Pictures aside, every line of the listing should be given again exactly.

** Opening INFORMATION SUPPLIED block **

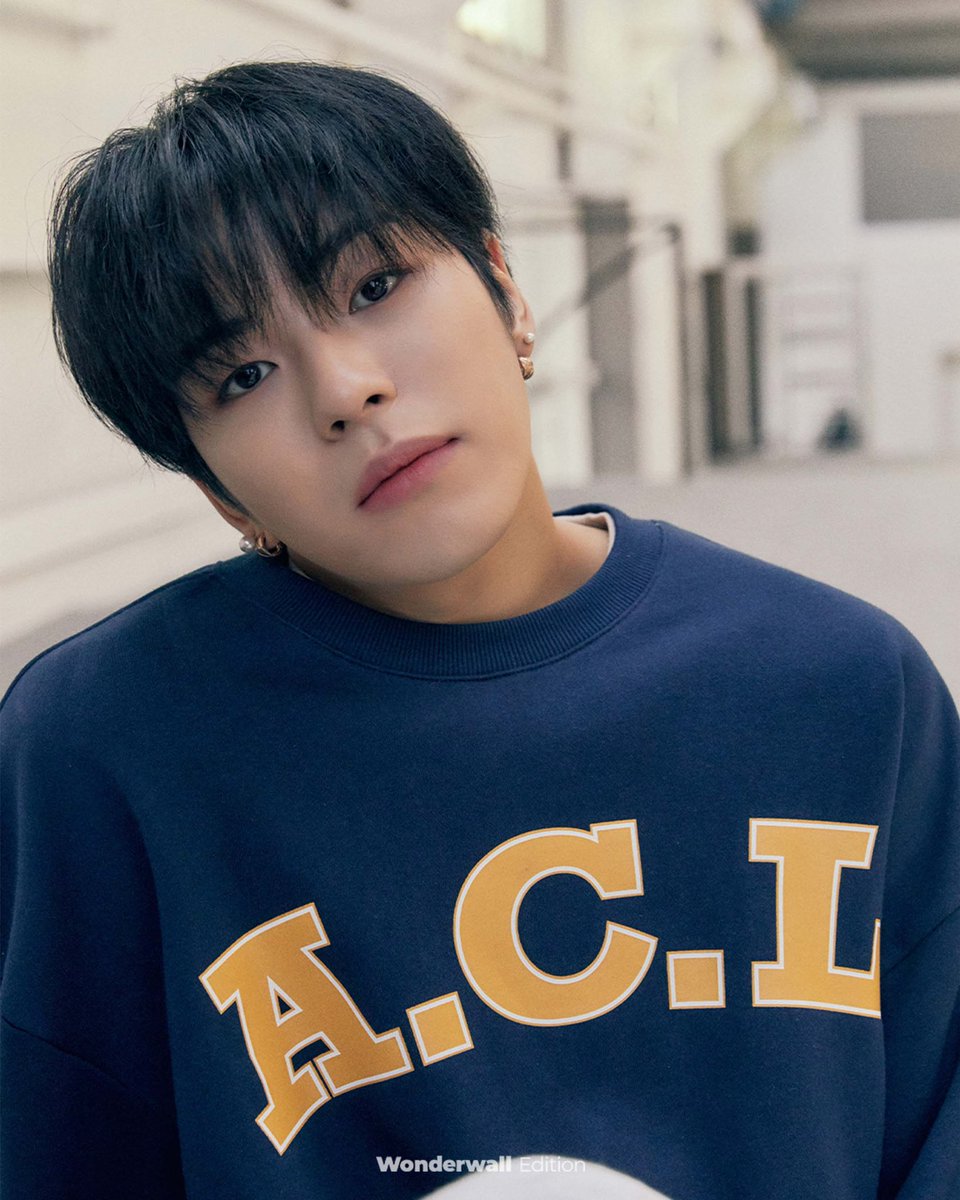 jvehyuk's tweet photo. A glance that raise flash back to me of the enchantment of Wonderwall in the Midwinter. Putting on a blue sweater, my youthful genes attract the enthrallment of every sentient being. Due to the sheer radiant passion I feel, my mouth are blisteringly coppery red of healthy hue. https://t.co/o974HpVbOF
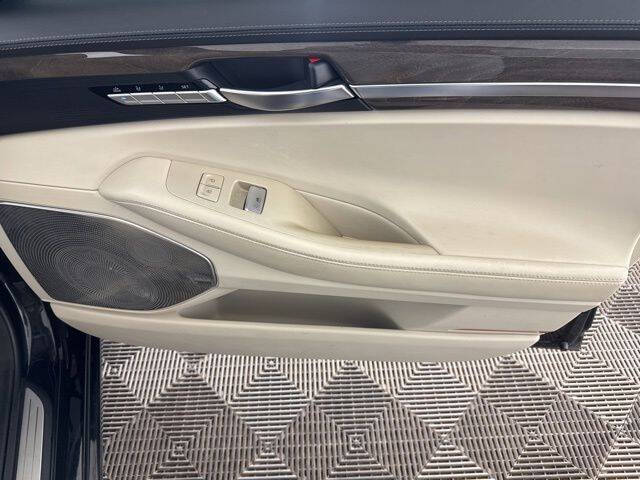 2017 Genesis G90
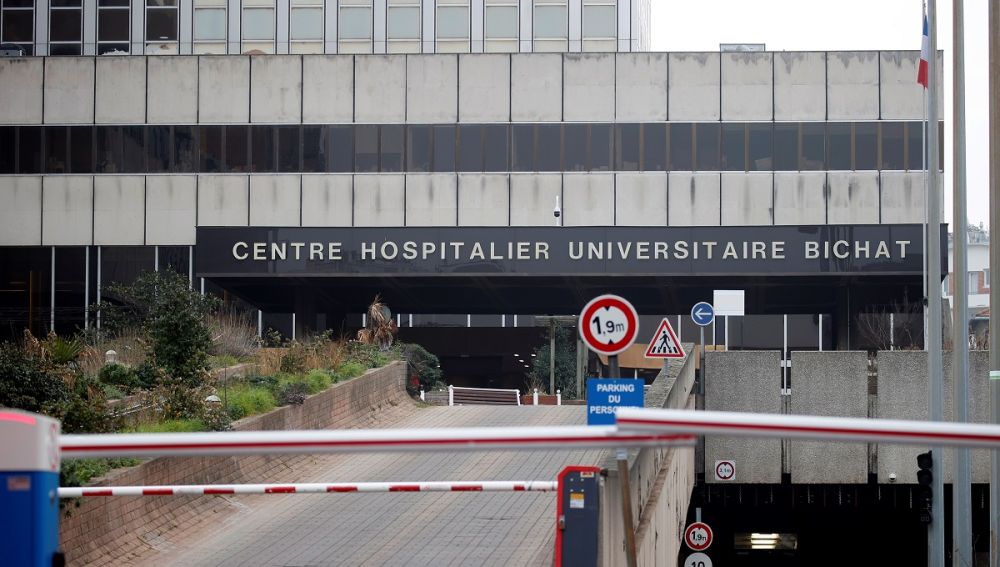 Fachada del hospital francés en el que están ingresados los infectados por el coronavirus de Wuham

** Closing INFORMATION SUPPLIED block **

§ RESPONSE
 jvehyuk's tweet photo. A glance that raise flash back to me of the enchantment of Wonderwall in the Midwinter. Putting on a blue sweater, my youthful genes attract the enthrallment of every sentient being. Due to the sheer radiant passion I feel, my mouth are blisteringly coppery red of healthy hue. https://t.co/o974HpVbOF
 2017 Genesis G90
 Fachada del hospital francés en el que están ingresados los infectados por el coronavirus de Wuham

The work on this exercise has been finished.